Auch Ö1 erinnert an die österreichische Dichterin und sendet bereits am Samstag, dem 3. Juni, im „Ö1 Hörspiel“ (14.00 Uhr) die Produktion „Das Wechselbälgchen“ (ORF 2015). Mit großer Eindringlichkeit, direkt, rau und zeitlos beschreibt Christine Lavant in dieser erst 1998 posthum veröffentlichten gleichnamigen Erzählung die Ausgrenzung einer Schwachen aus der Dorfgemeinschaft. Stoff und Motive schöpft sie aus der Volksüberlieferung, der (Kärntner) Zeit- und Sozialgeschichte und aus ihrer Biografie. Peter Rosmaniths Inszenierung mit Sophie Rois als Erzählerin zeigt die Universalität des Themas. In den Ö1-„Gedanken für den Tag“ (5.–7., 9. und 10. Juni, 6.56 Uhr) beleuchtet Literaturwissenschafter Klaus Amann, Herausgeber der 2015 zum 100. Geburtstag erschienenen vierbändigen Lavant-Werkausgabe, „das gänzlich unverhoffte, unerklärliche Literaturwunder aus der Provinz“.

Mehr zum Inhalt der Dokumentation:

Hört man den Namen Christine Lavant, hat man das Bild einer hageren, bäuerlich gekleideten Frau mit Kopftuch vor Augen. Eine Art dichtendes Kräuterweiblein. An diesem Image ist die Kärntnerin nicht ganz schuldlos. Sie war pfiffig genug zu ahnen, dass gute Vermarktung eine Marke braucht. Dass sie lange als katholische Lyrikerin (miss)verstanden wurde, verstellte den Blick auf eine herausragende Dichterin, über die es im Buchhandel noch keine einzige Biografie gibt.
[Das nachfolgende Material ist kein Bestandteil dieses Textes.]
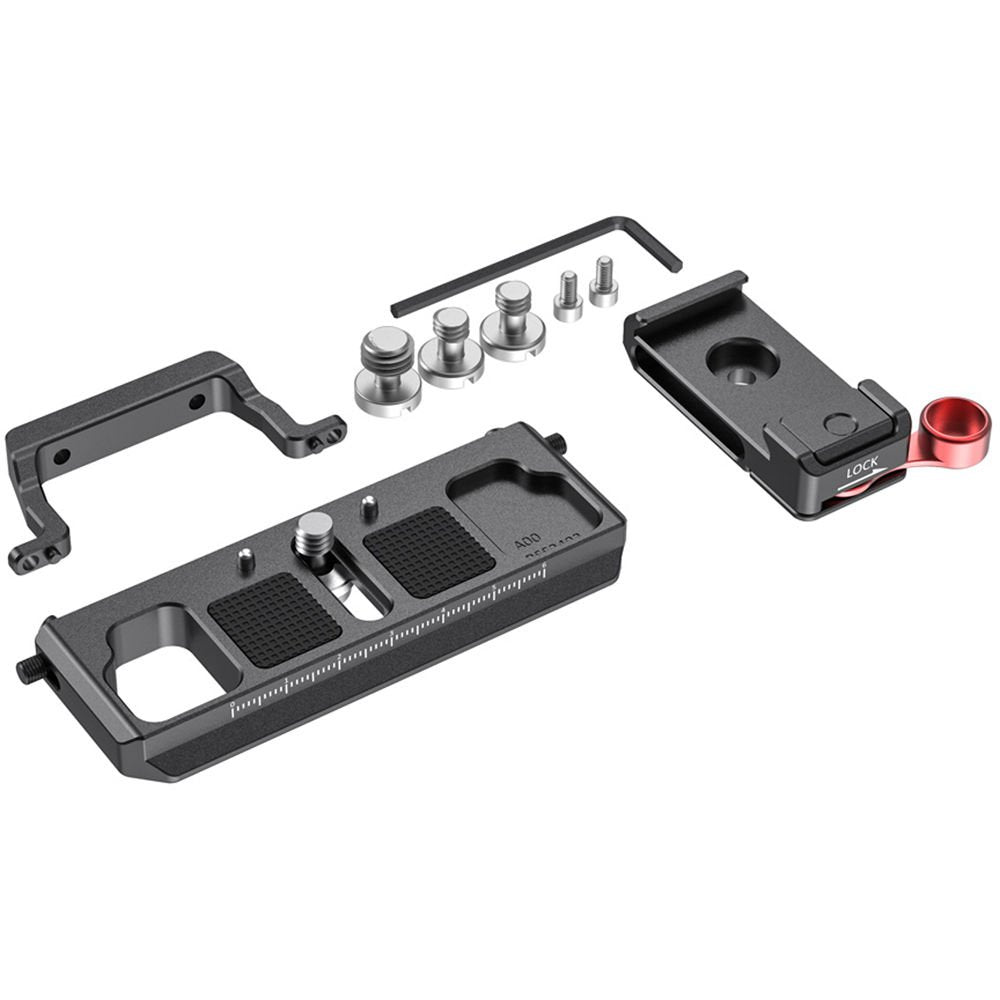 SmallRig Offset Plate Kit image 1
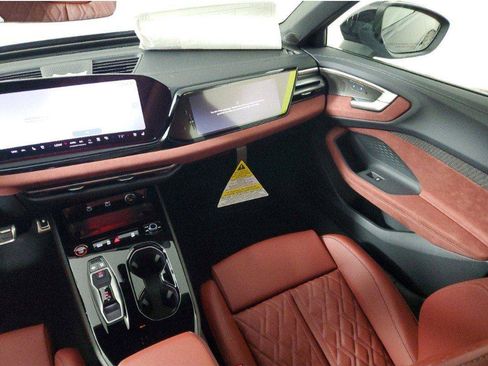 New 2026 Audi S5 Prestige AWD/4WD image 16
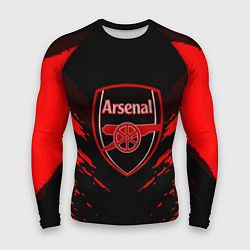 Мужской рашгард Arsenal FC: Sport Fashion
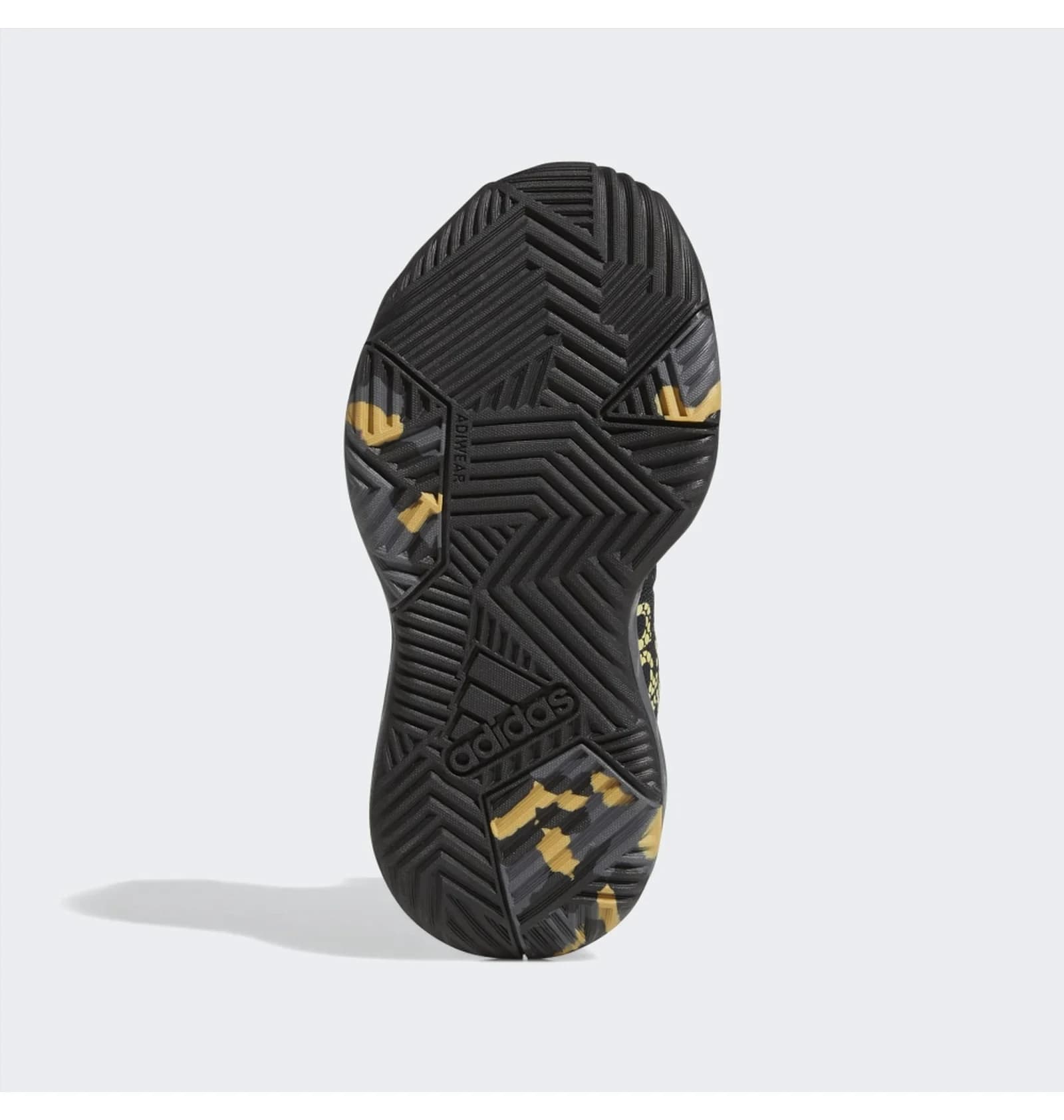 Adidas Ownthegame 2.0 Shoes thumbnail 4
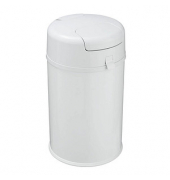 Secura Premium Windeleimer 30,0 l weiß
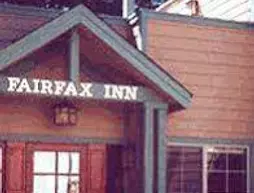 Fairfax Inn | Kaliforniya - Marin County - Fairfax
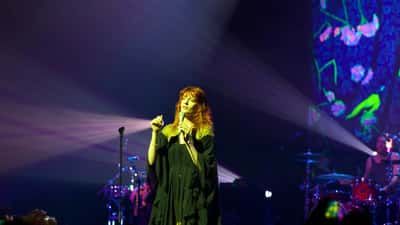Florence Welch's Near-Fatal Ectopic Pregnancy: The Reproductive Health Warning Signs Every Canadian Should Know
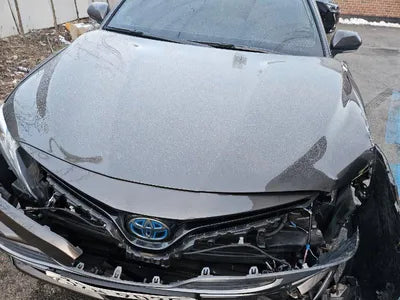 2018 Toyota Camry JTNB21HK3J3011021 VIN:JTNB21HK3J3011021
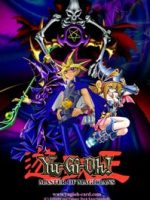 Yu☆Gi☆Oh! Duel Monsters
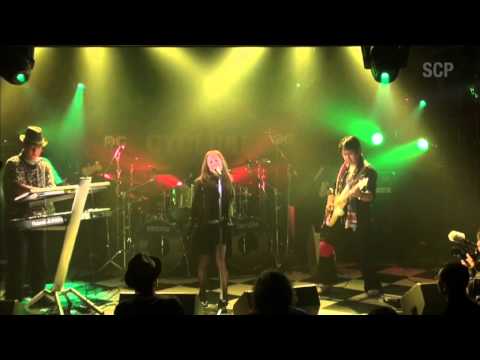 Black Masquerade / SLAVES (as RAINBOW) 10 March 2012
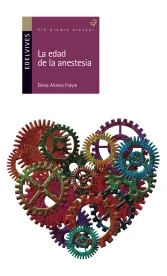 la edad de la anestesia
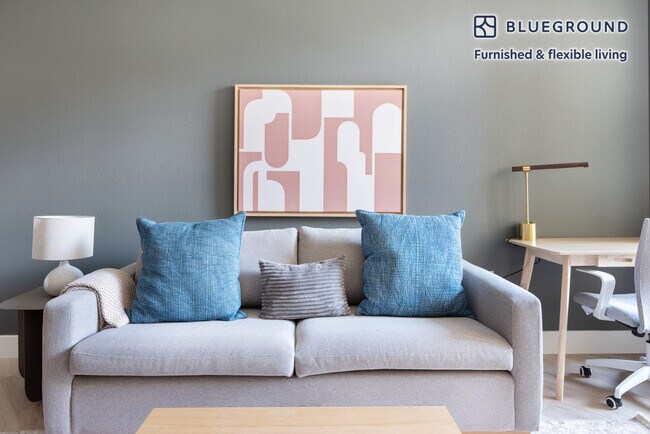 Foto del edificio - 605 E Evelyn Ave
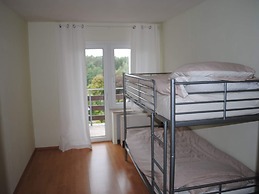 Delightful Villa in Gerolstein With Private Garden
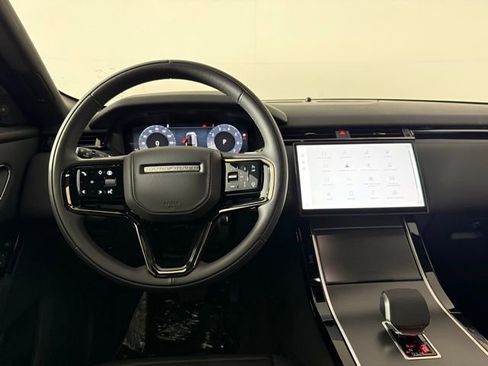 New 2026 Land Rover Range Rover Velar S image 27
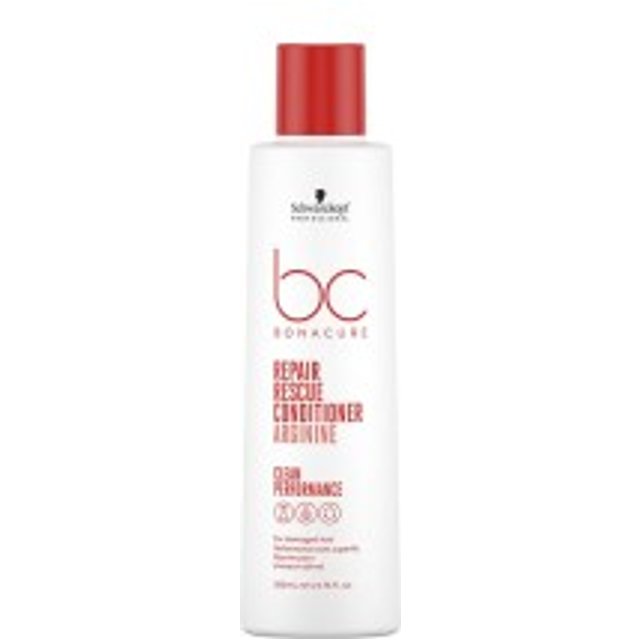 Schwarzkopf Bc Repair Rescue Conditioner 200ml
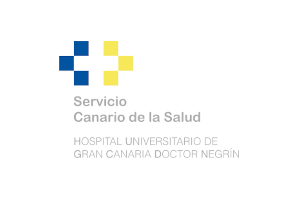 Equipo Hospital Universitario Gran Canaria Doctor Negrín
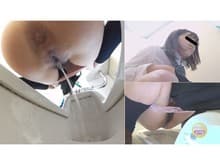 女子校生チャイムダッシュ!! おしっこ2 サンプル画像 3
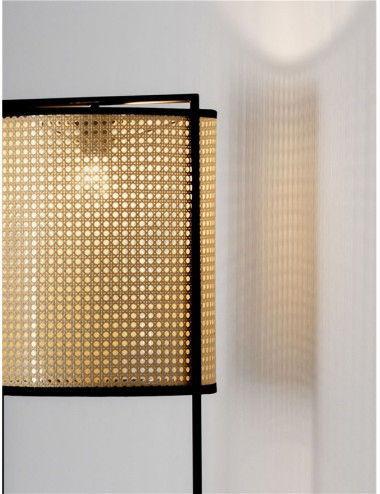 Stāvlampa Erto Ø38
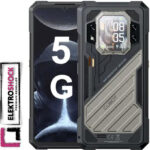 CUBOT KINGKONG X 512GB návod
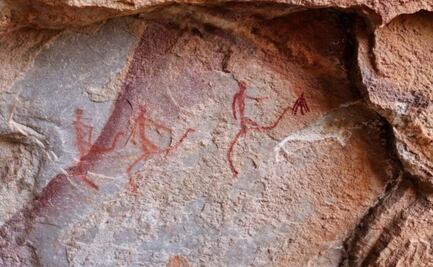 Conoce lo que se comía en la prehistoria, según la ciencia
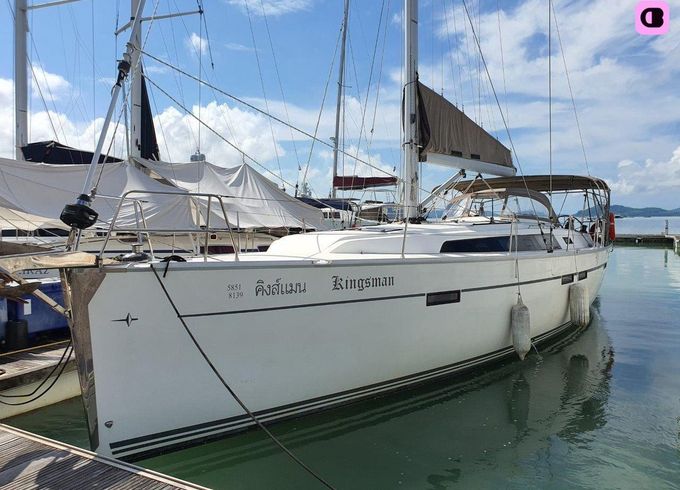 bavaria bavaria cruiser 46
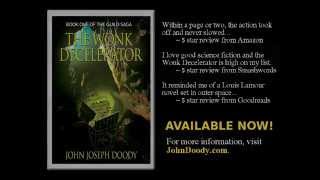 The Wonk Decelerator Trailer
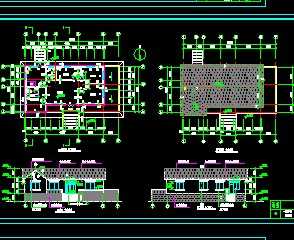 ĳ����ƽ����������ʩ��ͼ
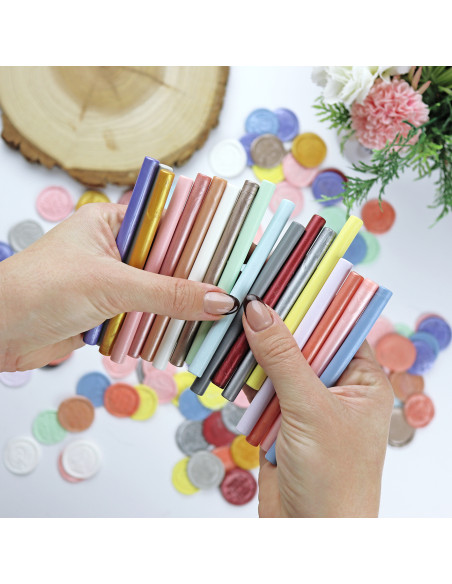 Bebé koala sealing wax stick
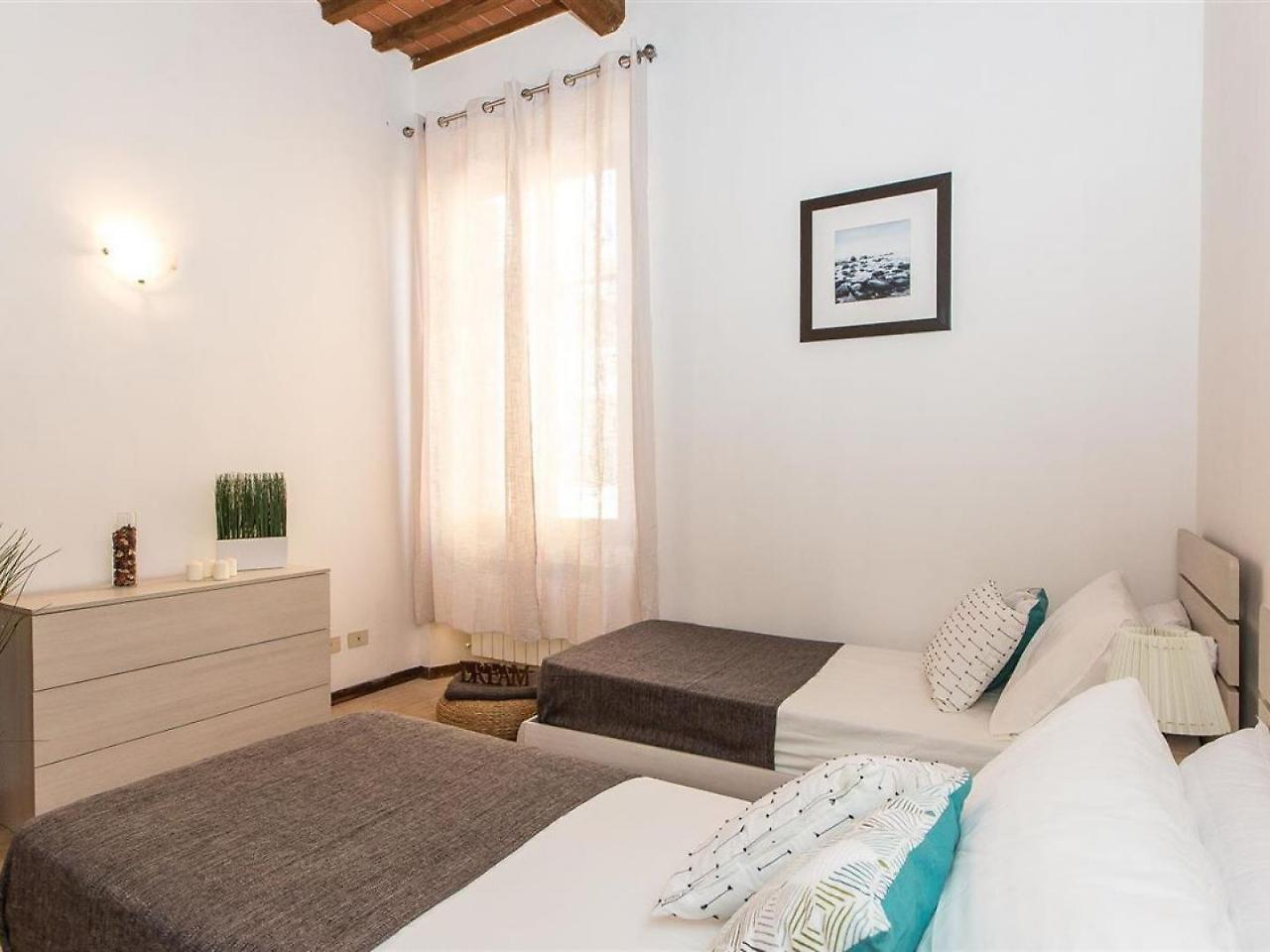Rental In Rome Rosselli Palace Deluxe 3 Apartment Florence Exterior photo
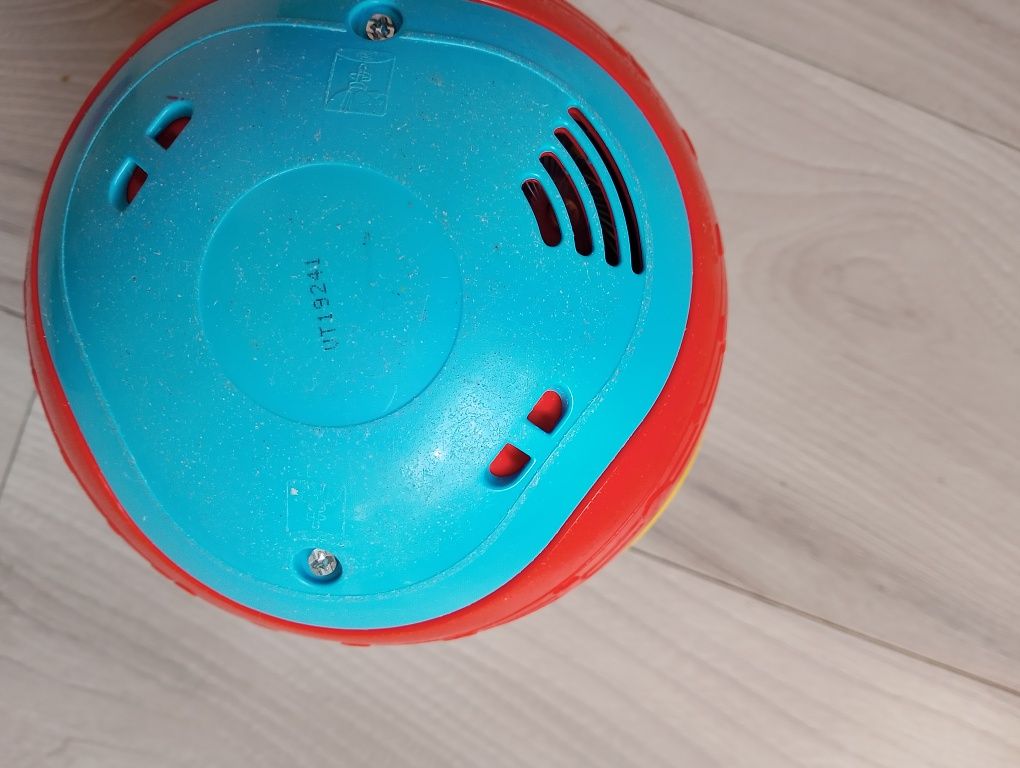 Kręcikula vtech interaktywna zabawka 6m+
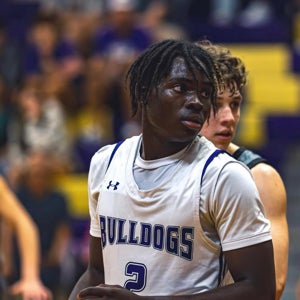 Baba T Akindayomi mugshot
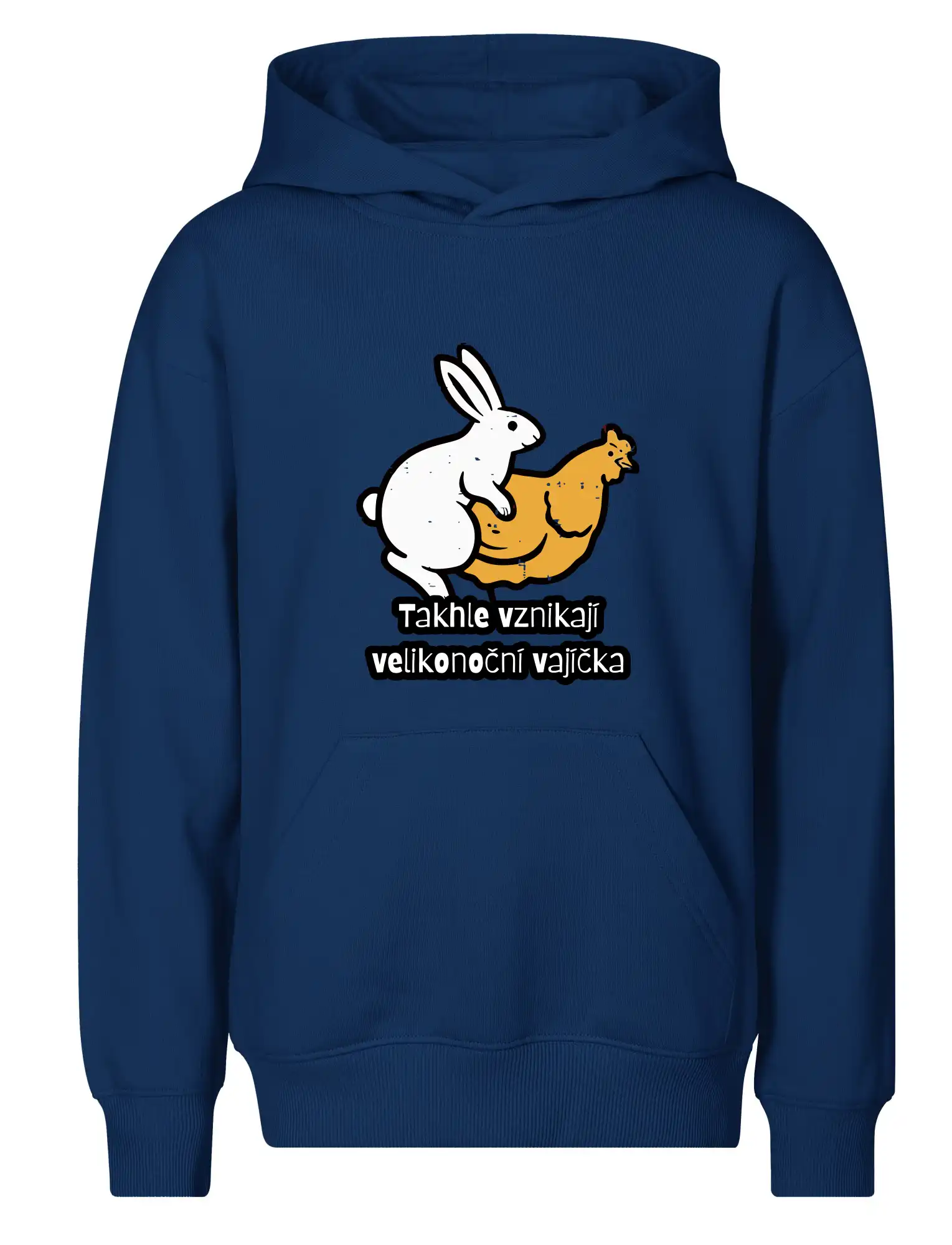 Takhle vznikají velikonoční vajíčka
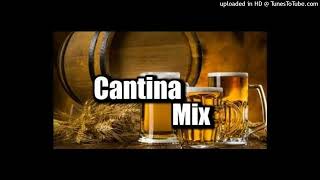 CANTINA MIX 1 DJ MENCHO GUATE [upl. by Troyes]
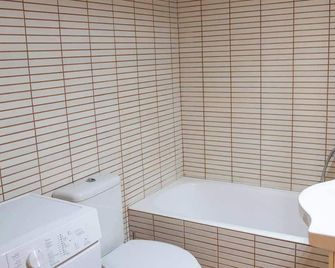 Loucas Home Kalloni Lesvos Central Stay w Balcony - Kalloni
Als Christine Thonhauser wird sie am 4. Juli 1915 als neuntes Kind eines Bergmanns und einer Flickenschneiderin in St. Stefan im Lavanttal – nach dem sie sich später als Künstlerin benennt – in ärmste Verhältnisse geboren. Von Anbeginn ist sie krank und hat dadurch keine gewöhnliche Kindheit. Mit 24 heiratet sie den 60-jährigen armen, erfolglosen Landschaftsmaler Josef Habernig. Wegen ihrer schlechten Gesundheit kann sie nur wenige Jahre die Schule besuchen und liest und schreibt gerade deshalb wohl „schon immer“. Sie veröffentlicht mehr als ein Dutzend Erzählungen und etwa 1.000 Gedichte.
Kurz ist der Dichterin das Glück gewogen: Mit dem Maler Werner Berg erlebt sie die große Liebe ihres Lebens, die jedoch keine Zukunft hat – beide sind verheiratet. Die Intensität der Gefühle bringt eine kraftvolle Lyrik hervor: Für ihre Gedichtbände erhält Christine Lavant etliche Preise. Drei Jahre nach der Verleihung des Großen Österreichischen Staatspreises für Literatur stirbt sie mit nur 58 Jahren an den Folgen eines Schlaganfalls.

„Das wahrhaft Erlebte oder vielmehr die stückweisen Spiegelbilder davon finden sich mehr oder weniger verzaubert-verdichtet in meinen Büchern.“ Wer sich mit dem Lavant’schen Werk befasst, ahnt, was dieser Frau zugemutet wurde. Wer weiter liest, spürt schnell, wie radikal und unversöhnt sie gegen das alles angedichtet hat, und wie sehr sie dafür die deutsche Sprache und die Regeln der Dichtkunst erweitern musste.

Der Film von Regisseurin Danielle Proskar sucht das Wesen, das sich hinter dem Pseudonym Christine Lavant verbirgt. Lavants Lyrik ist gut verschlüsselt, doch in Hunderten Briefen an berühmte Zeitgenossen und Freunde schreibt sie frei heraus über ihre Gefühle, Ängste, Hoffnungen, und selten über ihr Glück. So entsteht ein höchst persönliches, vielgestaltiges Selbstporträt einer Künstlerin, die da behauptet: „Kunst wie meine, ist nur verstümmeltes Leben.“

„Christine Lavant – Wie pünktlich die Verzweiflung ist“ ist eine Koproduktion von Graf Film und ORF, gefördert von Fernsehfonds Austria, Carinthia Film Commission / Land Kärnten Kultur und VAM.